Я высвобождаю ее из своих объятий и быстро шагаю к бельевому шкафу, чтобы достать чистые полотенца. Я даже захватываю мягкий, фланелевый шарф. Когда я возвращаюсь, Элли стоит на кухне, все еще дрожа. Я обматываю ее двумя гигантскими, огромными полотенцами и завязываю шарф вокруг нее, наматывая его вокруг ее тела и создавая симпатичный, сексуальный буррито.
Вот же ущербный.
Я вытираю воду со своего тела полотенцем, затем ставлю чайник. Потом я извиняюсь и ухожу переодеться. Проскальзывая в свои спортивные штаны, я замечаю несколько старых футболок, которые стали мне слишком малы и заполнили заднюю часть моего шкафа. Какого черта... что еще я должен потерять?

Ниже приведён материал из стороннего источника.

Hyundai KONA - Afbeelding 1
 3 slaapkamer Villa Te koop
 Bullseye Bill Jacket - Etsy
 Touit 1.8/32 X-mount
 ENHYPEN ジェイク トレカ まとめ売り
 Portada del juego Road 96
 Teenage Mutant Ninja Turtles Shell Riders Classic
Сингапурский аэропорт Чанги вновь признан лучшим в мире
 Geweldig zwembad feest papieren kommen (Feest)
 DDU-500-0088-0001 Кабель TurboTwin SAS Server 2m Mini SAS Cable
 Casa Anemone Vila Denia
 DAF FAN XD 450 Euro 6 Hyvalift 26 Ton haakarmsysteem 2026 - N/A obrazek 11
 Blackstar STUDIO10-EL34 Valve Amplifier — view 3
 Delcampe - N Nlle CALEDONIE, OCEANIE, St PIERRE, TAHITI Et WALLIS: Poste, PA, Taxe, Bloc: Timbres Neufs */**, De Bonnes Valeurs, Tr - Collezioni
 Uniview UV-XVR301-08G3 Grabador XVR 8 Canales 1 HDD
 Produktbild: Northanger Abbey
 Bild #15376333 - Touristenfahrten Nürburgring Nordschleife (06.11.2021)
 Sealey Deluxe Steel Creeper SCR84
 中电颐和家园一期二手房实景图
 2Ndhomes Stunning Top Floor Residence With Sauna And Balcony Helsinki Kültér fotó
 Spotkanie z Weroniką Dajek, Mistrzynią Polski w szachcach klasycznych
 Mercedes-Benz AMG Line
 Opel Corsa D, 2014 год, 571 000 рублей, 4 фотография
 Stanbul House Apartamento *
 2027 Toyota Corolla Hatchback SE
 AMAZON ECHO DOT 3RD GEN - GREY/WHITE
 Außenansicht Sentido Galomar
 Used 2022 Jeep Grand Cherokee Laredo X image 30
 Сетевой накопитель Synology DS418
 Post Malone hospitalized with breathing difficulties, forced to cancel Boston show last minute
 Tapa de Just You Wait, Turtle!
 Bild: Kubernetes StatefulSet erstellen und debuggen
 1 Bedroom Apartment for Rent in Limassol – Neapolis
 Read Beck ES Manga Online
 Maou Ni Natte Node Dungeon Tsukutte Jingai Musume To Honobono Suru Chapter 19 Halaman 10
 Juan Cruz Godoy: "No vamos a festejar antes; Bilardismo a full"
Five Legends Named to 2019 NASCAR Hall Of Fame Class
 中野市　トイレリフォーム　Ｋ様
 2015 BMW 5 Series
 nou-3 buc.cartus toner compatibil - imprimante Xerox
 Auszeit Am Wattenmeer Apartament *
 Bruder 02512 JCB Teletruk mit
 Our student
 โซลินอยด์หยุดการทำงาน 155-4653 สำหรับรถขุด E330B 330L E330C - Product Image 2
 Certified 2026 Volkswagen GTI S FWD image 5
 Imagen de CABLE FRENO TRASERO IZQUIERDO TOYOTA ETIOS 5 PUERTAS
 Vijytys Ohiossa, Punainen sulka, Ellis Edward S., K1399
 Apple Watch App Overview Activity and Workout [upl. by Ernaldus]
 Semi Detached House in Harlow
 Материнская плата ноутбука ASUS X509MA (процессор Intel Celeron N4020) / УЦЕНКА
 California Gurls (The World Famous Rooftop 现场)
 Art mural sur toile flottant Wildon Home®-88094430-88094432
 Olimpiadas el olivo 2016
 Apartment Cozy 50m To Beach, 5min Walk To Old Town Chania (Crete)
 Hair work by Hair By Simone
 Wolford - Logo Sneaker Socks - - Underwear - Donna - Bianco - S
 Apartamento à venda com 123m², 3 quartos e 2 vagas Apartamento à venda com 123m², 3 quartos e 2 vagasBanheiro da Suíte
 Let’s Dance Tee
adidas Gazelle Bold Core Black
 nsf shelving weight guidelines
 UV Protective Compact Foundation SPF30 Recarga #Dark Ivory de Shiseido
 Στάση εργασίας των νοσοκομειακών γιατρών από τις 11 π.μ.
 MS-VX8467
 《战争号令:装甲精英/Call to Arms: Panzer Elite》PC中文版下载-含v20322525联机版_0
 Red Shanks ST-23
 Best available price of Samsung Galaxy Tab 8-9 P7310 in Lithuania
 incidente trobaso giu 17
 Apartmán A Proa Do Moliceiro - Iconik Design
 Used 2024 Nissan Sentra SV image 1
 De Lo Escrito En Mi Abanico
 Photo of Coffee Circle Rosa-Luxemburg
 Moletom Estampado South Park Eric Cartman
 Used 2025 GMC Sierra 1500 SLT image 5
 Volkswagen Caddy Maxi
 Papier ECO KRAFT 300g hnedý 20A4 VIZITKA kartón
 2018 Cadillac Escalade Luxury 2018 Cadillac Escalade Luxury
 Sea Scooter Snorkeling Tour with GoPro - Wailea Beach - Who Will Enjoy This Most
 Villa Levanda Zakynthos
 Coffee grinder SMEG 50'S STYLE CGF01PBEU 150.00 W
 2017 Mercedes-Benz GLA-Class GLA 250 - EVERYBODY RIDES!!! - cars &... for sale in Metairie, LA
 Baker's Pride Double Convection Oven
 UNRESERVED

— Я захватил тебе кое-что из сухой одежды, — говорю я, снова входя в кухню. Элли удалось достаточно распутаться из полотенец, чтобы сесть на табурет у барной стойки. — Просто несколько старых футболок, в которые я не влезаю. Ты не должна надевать их, если не…
— Спасибо! — говорит она, спрыгнув с табурета и схватив одежду. — А твоя ванная?..
— Дальше по коридору, вторая дверь налево.
Я наливаю чай в кружки, когда она вновь появляется, утопающая в серой футболке на три размера больше нее. Она восхитительна. Я отворачиваюсь и размещаю чашки на подносе, прежде чем принести их к кухонному островку.
— Спасибо. Ты учился в Тритоне?
Я смотрю на эмблему подготовительной школы, которую она рассматривает на футболке.
— Недолго.
— О. Из нее выпустился Эван. Ты знал его?
Я кладу два кубика сахара в свой чай, удерживая взгляд на блюдце, сахарном печенье и бисквитах «Мадлен».
— Я был там только в течение года.
— Что произошло?
Я пожимаю плечами.
— Перевелся.
— Понятно, — она занимает себя, потягивая чай и грызя печенье. — Я ходила в школу Святой Марии в Бостоне. Но уверена, что ты уже знал об этом, — она краснеет, затем смотрит вниз.
— Знал.
Она поднимает подбородок, и ее глаза находят мои, горящие любопытством.
— Тритон — великолепная школа. Наверное, самая лучшая в стране. Твои баллы по тестам должны были быть превосходными, чтобы поступить туда.
Я снова пожимаю плечами. Чертовы плечи.
— Они были хорошими.
— Хорошими? Если бы мои родители не были столь непреклонны в плане воспитания меня за пределами города и того, чтобы подвергнуть меня всему девчачьему аду, я уверена, мой отец сделал бы щедрое пожертвование, чтобы впихнуть меня туда. Куда ты пошел после Тритона?
— Академия Дентон.
— О. Это хорошая школа.
Она старается сохранить улыбку, но я уже могу понять, в чем дело.
Дентон — не Тритон.
Я не Эван.
Как только я почти позволяю червю сомнения пробраться в свою голову и обдумываю кучу различных причин, почему я никогда не буду заслуживать кого-то такого, как она, лицо Элли озаряется, окружая ее глаза пламенем небесно-голубого цвета.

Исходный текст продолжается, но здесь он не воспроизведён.